• **Task item**
Copy out the entries exactly, and wherever a picture appears, leave it out.

Dataset records:
##############################

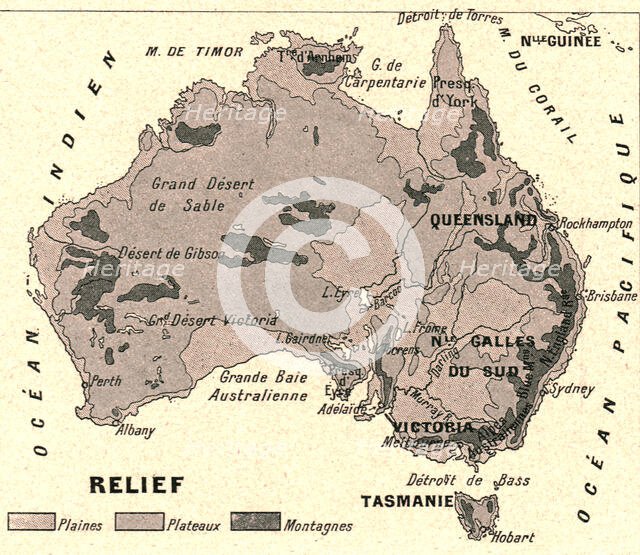''Australie Relief; Les Terres Du Pacifique', 1914. Creator: Unknown.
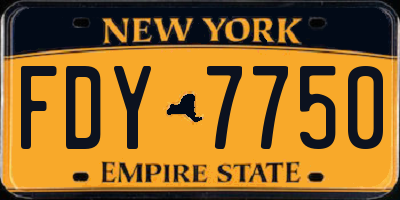 NY license plate FDY7750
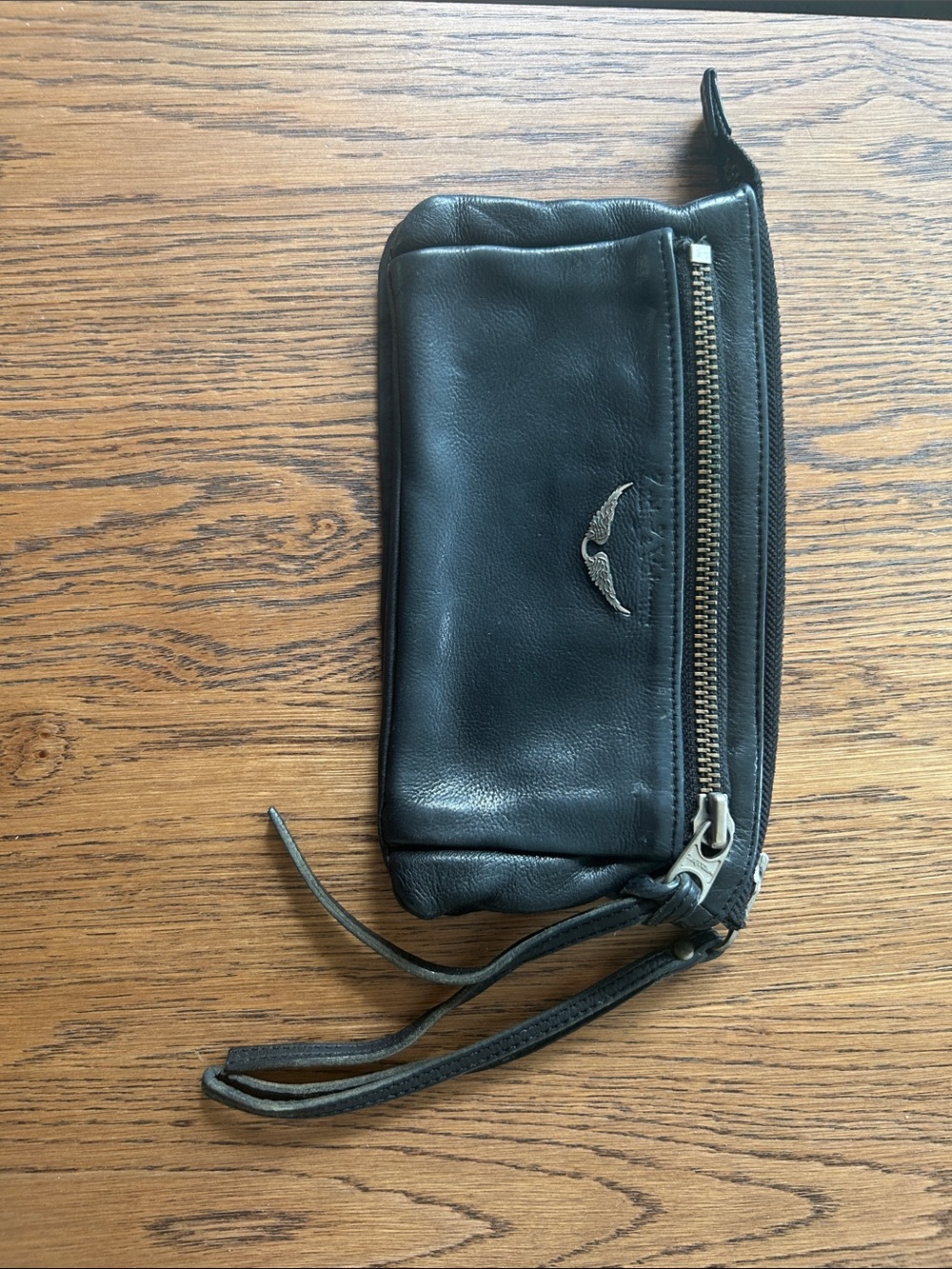 Zadig & Voltaire Black Leather Zip Wristlet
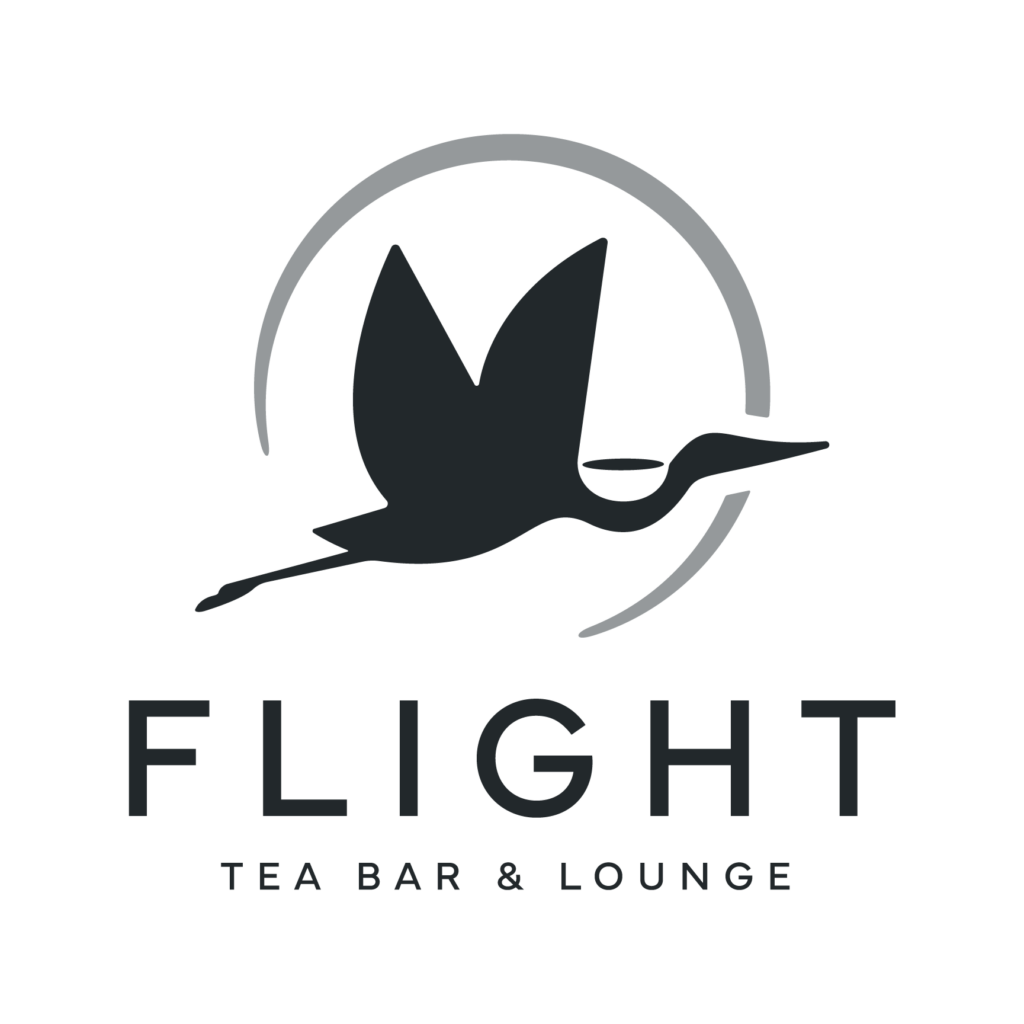 Logo of a flying bird inside a partial circle above the text FLIGHT TEA BAR & LOUNGE on a white background.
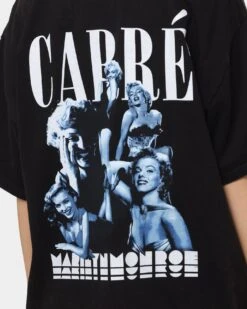 Carré X Marilyn Monroe Collage Vintage T-Shirt Washed Black -Mitchell & Ness Shop 02041966 YW607 womens 0050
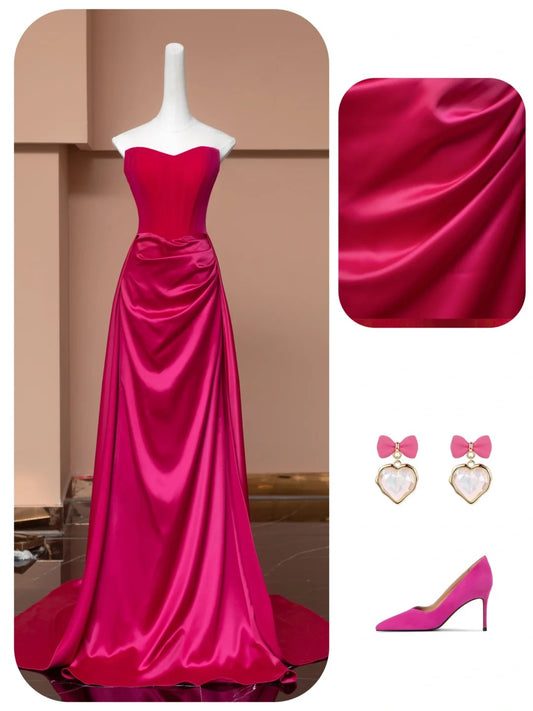 Rosa Elegante Mode Lange Satin Ballkleid Abendkleid Partykleid nv4734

##############################

• **Result**
''Australie Relief; Les Terres Du Pacifique', 1914. Creator: Unknown.
 NY license plate FDY7750
 Zadig & Voltaire Black Leather Zip Wristlet
 Logo of a flying bird inside a partial circle above the text FLIGHT TEA BAR & LOUNGE on a white background.
 Carré X Marilyn Monroe Collage Vintage T-Shirt Washed Black -Mitchell & Ness Shop 02041966 YW607 womens 0050
 Rosa Elegante Mode Lange Satin Ballkleid Abendkleid Partykleid nv4734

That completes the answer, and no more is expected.